Hume tensed, an attack dog waiting for the signal.

“Ah yes, I recall now. From that dear little trinket shop in Rue des Capucines. What is it called? Oh, yes. Colifichet and Sons.”

*   *   *

“We'll go to
Colifichet's shop directly.” Penrose handed Ophelia up into the carriage and jumped in beside her. “Colifichet has seen the stomacher.” The carriage jerked forward.

“And Hume was trying to
hide
the music box.”

“Yes—I haven't yet had a chance to congratulate you on your rather stunning sleight of hand. Or, I should say, sleight of hip.”

“Prue shouldn't be left all alone at Hôtel Malbert. I've got a bad feeling about this.” A sickening thought hit Ophelia. “Lady Cruthlach—and her husband, too—they're collectors, right? Fairy tale collectors, like you?”

“Yes.”

“What if . . . do you think Lady Cruthlach might try to, well,
collect
Prue? Because she looks like her Cinderella music box?”

Ophelia wished with all her might that the professor would laugh off the notion. But to her dismay, his eyes grew troubled. “It is not inconceivable.”

“Might we take Prue along with us today, then? She could stay in the carriage. She's able to take naps anywhere, and I'm certain she won't complain if we give her some penny sweets.”

“Very well. I'll instruct the driver to go first to Hôtel Malbert.”

*   *   *

Penrose waited in
the carriage. Baldewyn appeared to have been awoken from a snooze when he opened the front door. Ophelia rushed past him without a word.

Prue wasn't in her bedchamber. But then, why would she be? It was nearing luncheon time.

Ophelia hurried downstairs.

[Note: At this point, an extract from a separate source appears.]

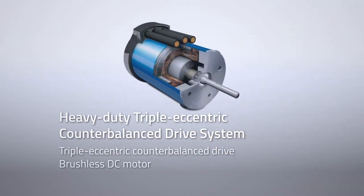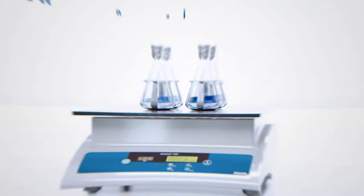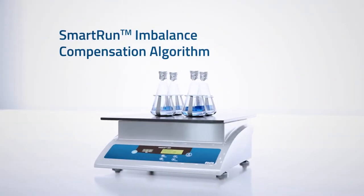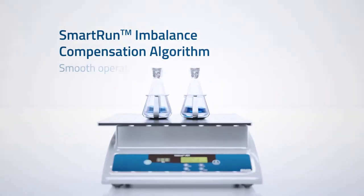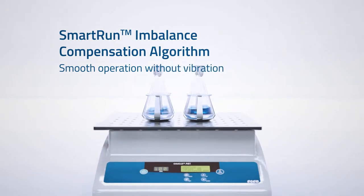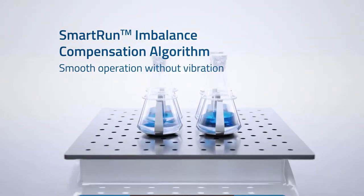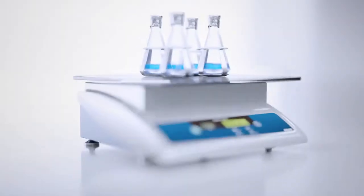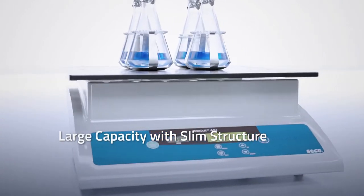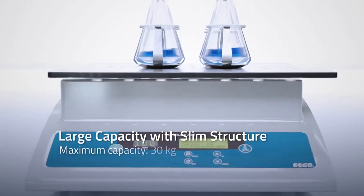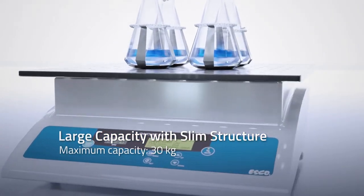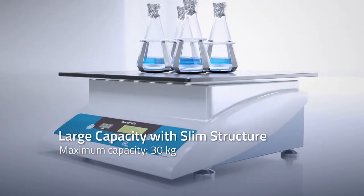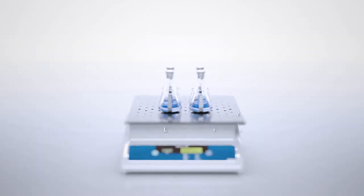It provides excellent speed control, smart run and balance compensation algorithm. It ensures smooth operation without any vibration, large capacity with slim structure. It has a maximum capacity of 30 kilograms.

As she passed through the entry foyer, the stepsisters and Miss Smythe were just returning from their outing. Their arms were piled high with parcels. Only Miss Smythe noticed Ophelia rushing past. Behind her owlish spectacles, her glance was sharp.

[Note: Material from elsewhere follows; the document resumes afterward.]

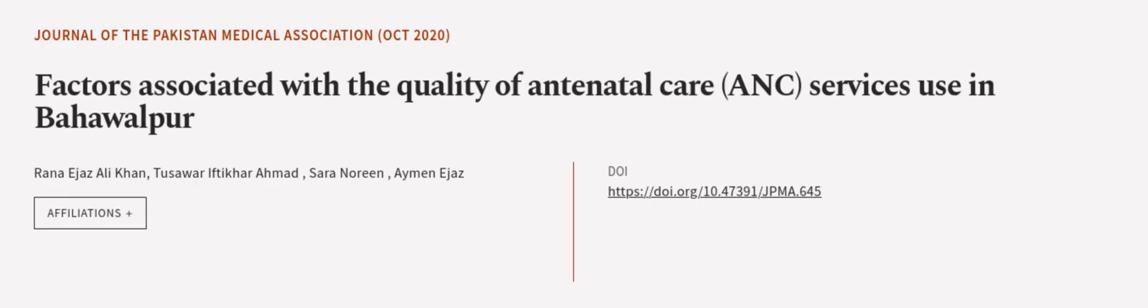This article was authored by Rana Ijaz Ali Khan, Tuzawar Iftikar Ahmad, Sarah Noreen, and others.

Ophelia heard the thuds and shouts as soon as she was on the kitchen stairs. She raced down. The thuds were coming from the closet under the stairs.

Ophelia fumbled with the latch and flung open the door. Beatrice staggered out, begrimed and sweaty, with flyaway hair.

“Where is Prue?” Ophelia cried.

“Oh, that woman, that old woman with the gun!”

Ophelia's heart shrank to a pebble. “What woman?”

“A peddler woman, old. A hunchback. Selling sweets.”

Sweets? Prue would follow a pointy-tailed demon if he lured her with sweets.

Ophelia tore out the kitchen door and through the courtyard. The carriageway gate stood open.

“Miss Flax!” Penrose cried when he saw her.

“She's gone! Someone has taken Prue.”

*   *   *

Ophelia insisted that
they drive straight back to Lady Cruthlach's mansion. She had a mad, sickening hunch that somehow Lady Cruthlach was mixed up with Prue's disappearance. That horrible little music box . . .

The traffic thickened and slowed, and Ophelia fought panic. She held her elbows tight in cupped hands. The professor sat in tense silence.

The carriage hadn't quite stopped in front of the mansion when Ophelia leapt out and ran up the steps. Penrose was just behind her. They both pounded on the door.

No answer.

Ophelia tried the door handles. Locked.

“What about another door?” Ophelia stepped back to scan the façade. She had just spied an archway off to one side, when the front door opened.

Hume.

Penrose grabbed Ophelia's hand. “Please excuse us,” he said. Hand in hand, they raced up the stairs and burst into the stifling sitting room.

Lady Cruthlach slept upright on the sofa where they had left her.

“Shall I wake her?” Penrose asked.

“No. Let's search the house.”

For once, the professor didn't argue.

Ophelia and Penrose raced through the mansion, room by room. In one chamber, they saw Lord Cruthlach asleep in a huge sleigh bed. They saw rooms filled with rich furnishings, empty rooms, and rooms cluttered with trunks and broken chairs and bric-a-brac.

But no Prue.

“The cellar,” Ophelia said. She stopped in the corridor, half bent, panting. “We must check the cellar.”

They clattered down a stone stairwell and found the kitchen.

Bitter-smelling steam clouded the kitchen. A huge iron pot sputtered on the stove. The table was a hodgepodge of bottles and bowls, heaps of green leaves, and paper boxes. A small, brownish-green turtle wandered across.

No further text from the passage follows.